Disney+ will have an international launch that begins at the same time as its rollout in the U.S., Disney revealed. The company will be launching its digital streaming service on November 12 in Canada and The Netherlands on November 12, and will be coming to Australia and New Zealand the following week. The streaming service will also support virtually every device and operating system from day one.

Disney+ will be available on iOS, Apple TV, Google Chromecast, Android, Android TV, PlayStation 4, Roku, and Xbox One at launch, which is pretty much an exhaustive list of everywhere someone might want to watch it, leaving aside some smaller proprietary smart TV systems. That, combined with the day-and-date global markets, should be a clear indicator that Disney wants its service to be available to as many customers as possible, as quickly as possible.

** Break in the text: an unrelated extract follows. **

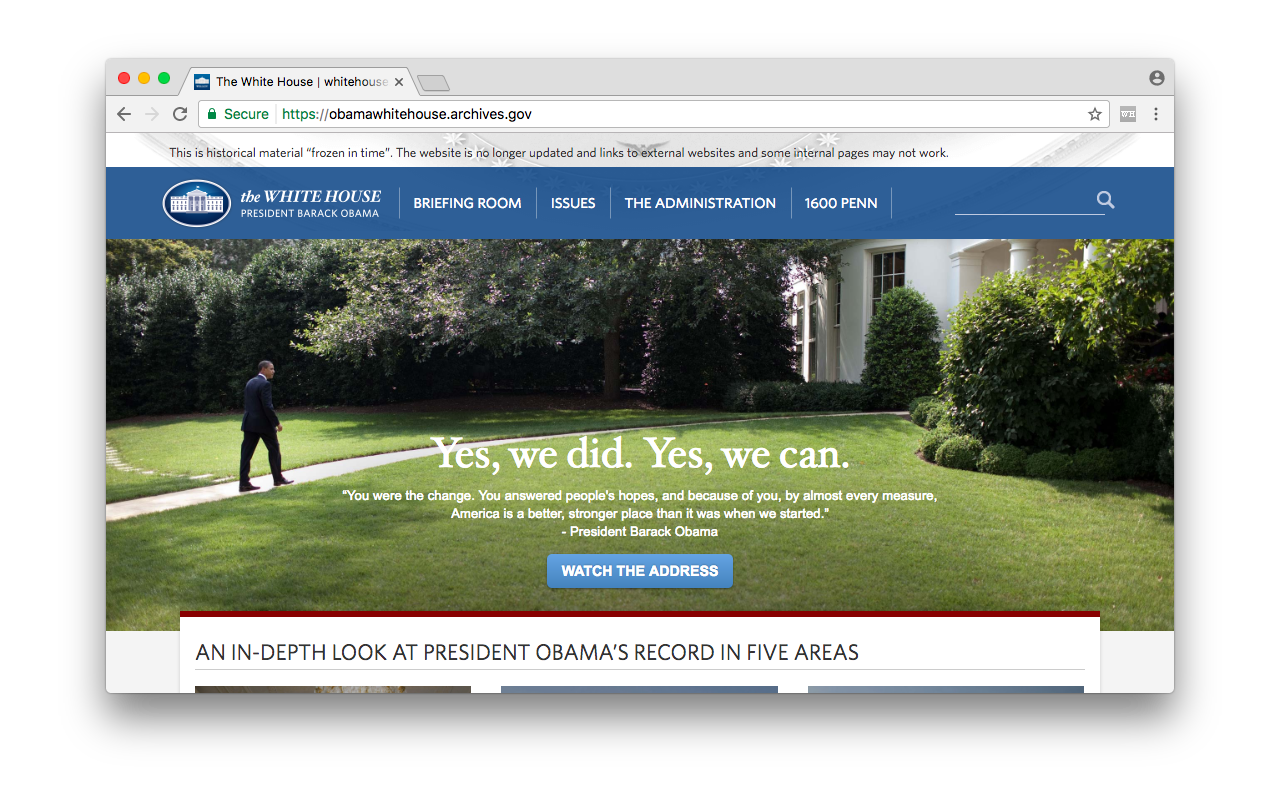 Whitehouse.gov Archive Helper Preview image 0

Through Apple’s iPhone, iPad and Apple TV devices, customers will be able to subscribe via in-app purchase. Disney+ will also be fully integrated with Apple’s TV app, which is getting an update in iOS 13 in hopes of becoming even more useful as a central hub for all a user’s video content. The one notable exception on the list of supported devices and platforms is Amazon’s Fire TV, which could change closer to launch depending on negotiations.

In terms of pricing, the service will run $8.99 per month or $89.99 per year in Canada, and €6.99 per month (or €69.99 per year) in the Netherlands. In Australia, it’ll be $8.99 per month or $89.99 per year, and in New Zealand, it’ll be $9.99 and $99.99 per year. All prices are in local currency.

That compares pretty well with the $6.99 per month (or $69.99 yearly) asking price in the U.S., and undercuts the Netflix pricing in those markets, too. This is just the Disney+ service on its own, however, not the combined bundle that includes ESPN Plus and Hulu for $12.99 per month, which is probably more comparable to Netflix in terms of breadth of content offering.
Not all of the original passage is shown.